▸ **Activity**: Give back exactly the line containing "4 plus 0 equals" and all that follow it in the data below, with the pictures left out.

▸ **Source data**:
== == ==

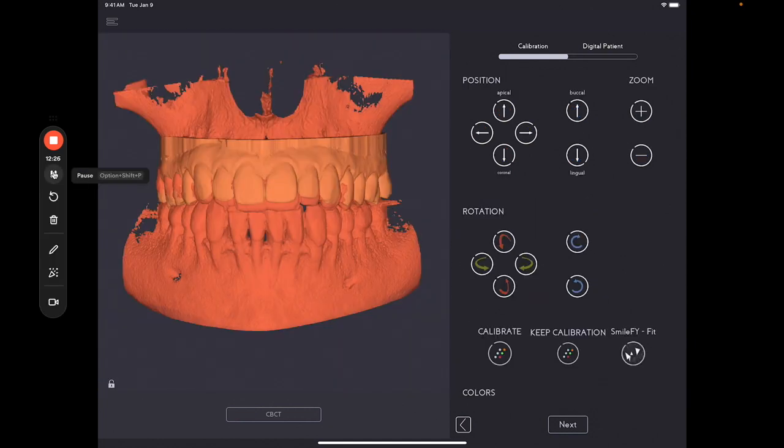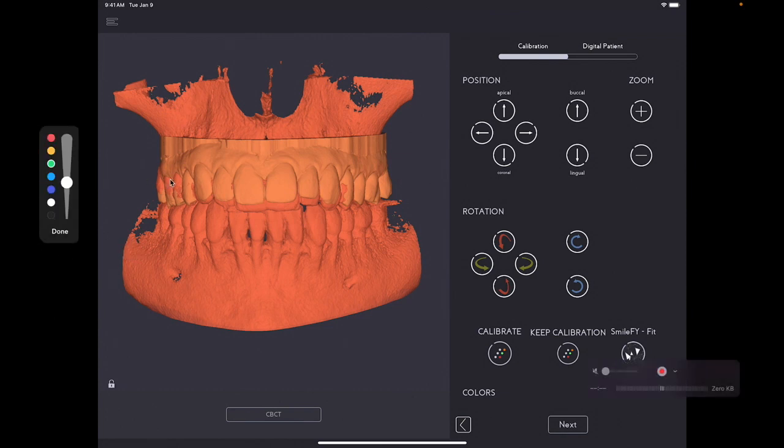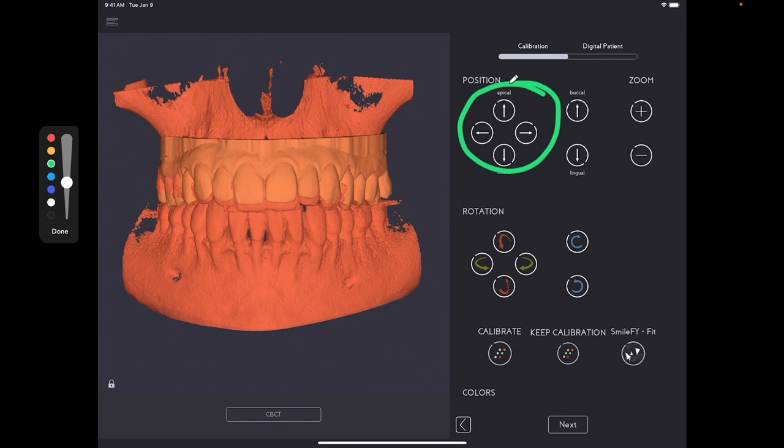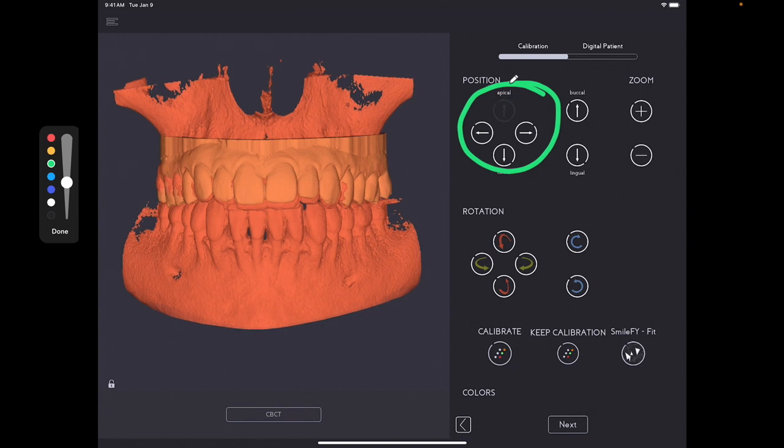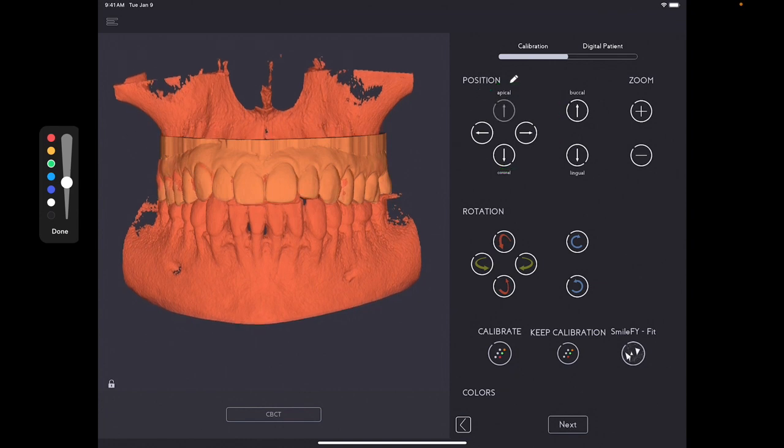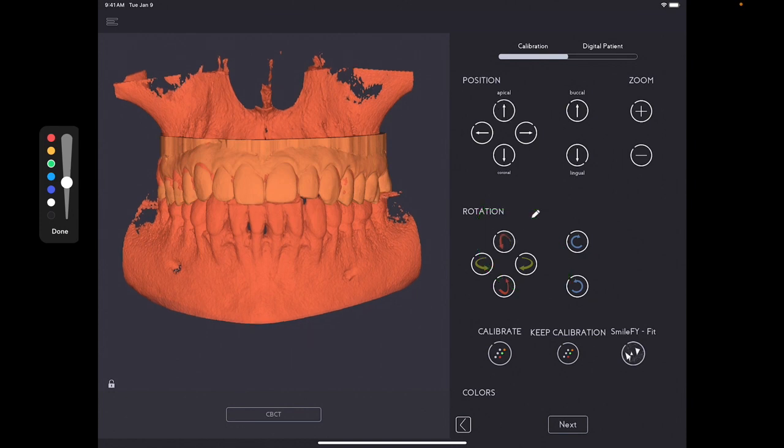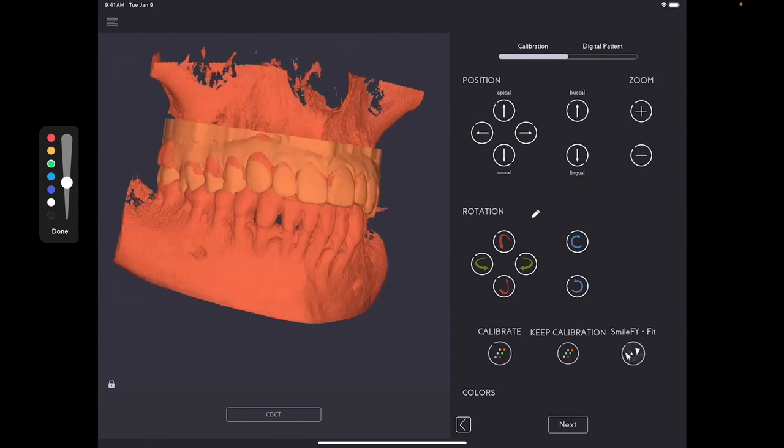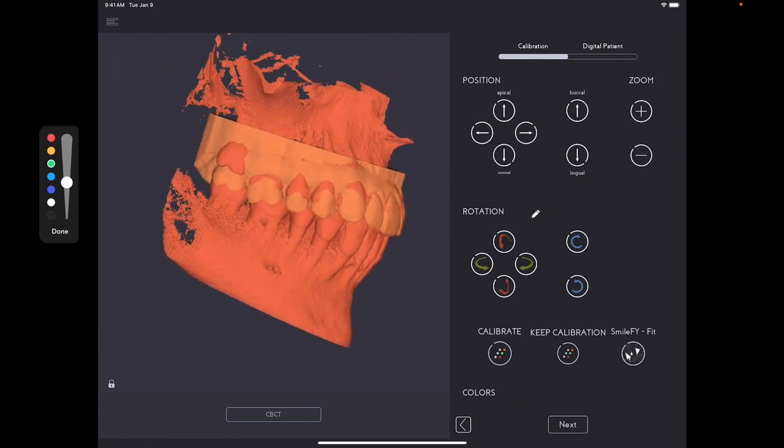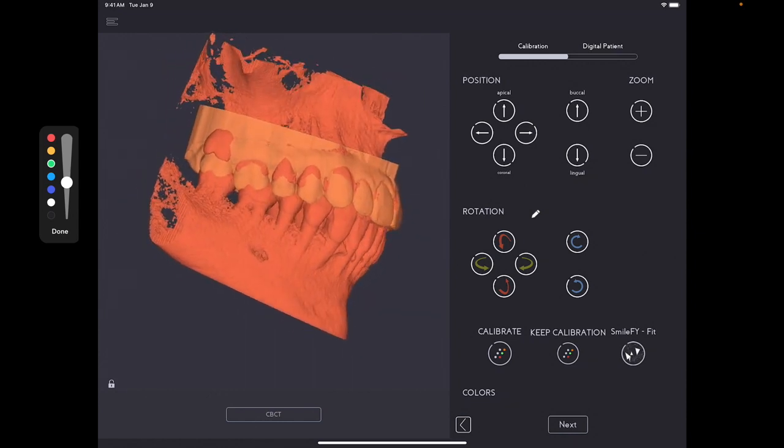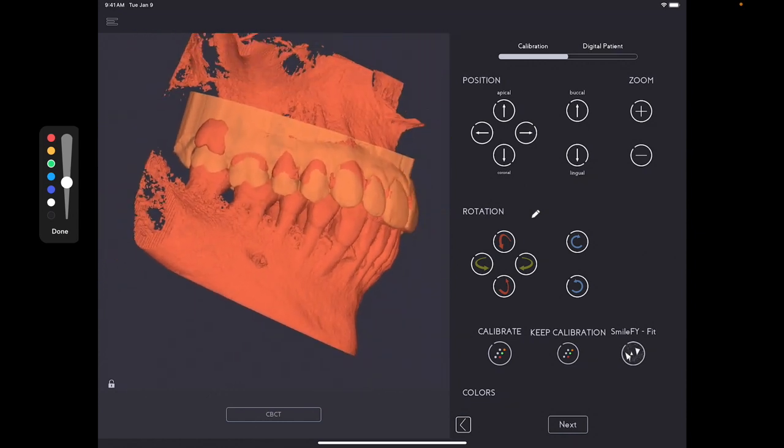And then here you can use these commands on the right side. Let me get a pencil. And then here, for example, we can bring it more apical. We can rotate if we have to. Bring it more buccal. The goal here is to make sure that it's as close as possible to one another.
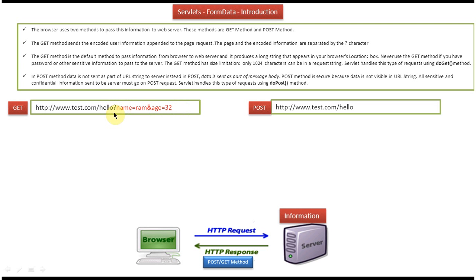So if you want to send some password or sensitive information to the server, then we should not use the GET method. Because if you are sending a password or some sensitive information, you can see it in the browser address bar itself. So GET method should not be used to send passwords or sensitive information to the server.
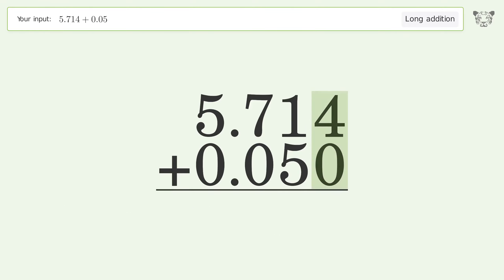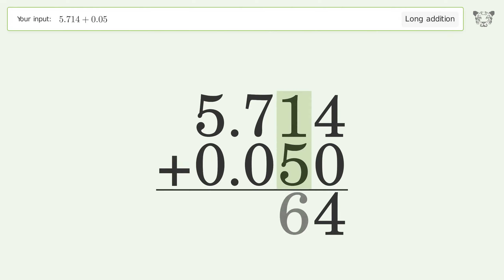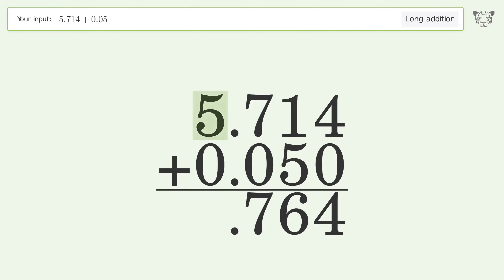4 plus 0 equals 4. 1 plus 5 equals 6. 7 plus 0 equals 7. 5 plus 0 equals 5. And so the final result is 5.764.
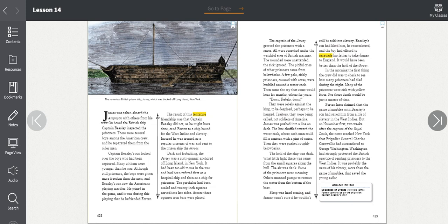In the morning, the first thing the crew did was check to see how many prisoners had died during the night. Many of the prisoners were sick with yellow fever, and for these, death would be just a matter of time. Forten later claimed that the game of marbles with Beasley's son had saved him from the life of slavery in the West Indies. But on November 1st, two weeks after the capture of the Royal Lewis, the news reached New York that Brigadier General Charles Cornwallis had surrendered to George Washington. Washington had strongly protested the British practice of sending prisoners to the West Indies. It was probably the news of his victory more than the game of marbles that saved the young sailor.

== == ==

▸ **Solution**:
4 plus 0 equals 4. 1 plus 5 equals 6. 7 plus 0 equals 7. 5 plus 0 equals 5. And so the final result is 5.764.
In the morning, the first thing the crew did was check to see how many prisoners had died during the night. Many of the prisoners were sick with yellow fever, and for these, death would be just a matter of time. Forten later claimed that the game of marbles with Beasley's son had saved him from the life of slavery in the West Indies. But on November 1st, two weeks after the capture of the Royal Lewis, the news reached New York that Brigadier General Charles Cornwallis had surrendered to George Washington. Washington had strongly protested the British practice of sending prisoners to the West Indies. It was probably the news of his victory more than the game of marbles that saved the young sailor.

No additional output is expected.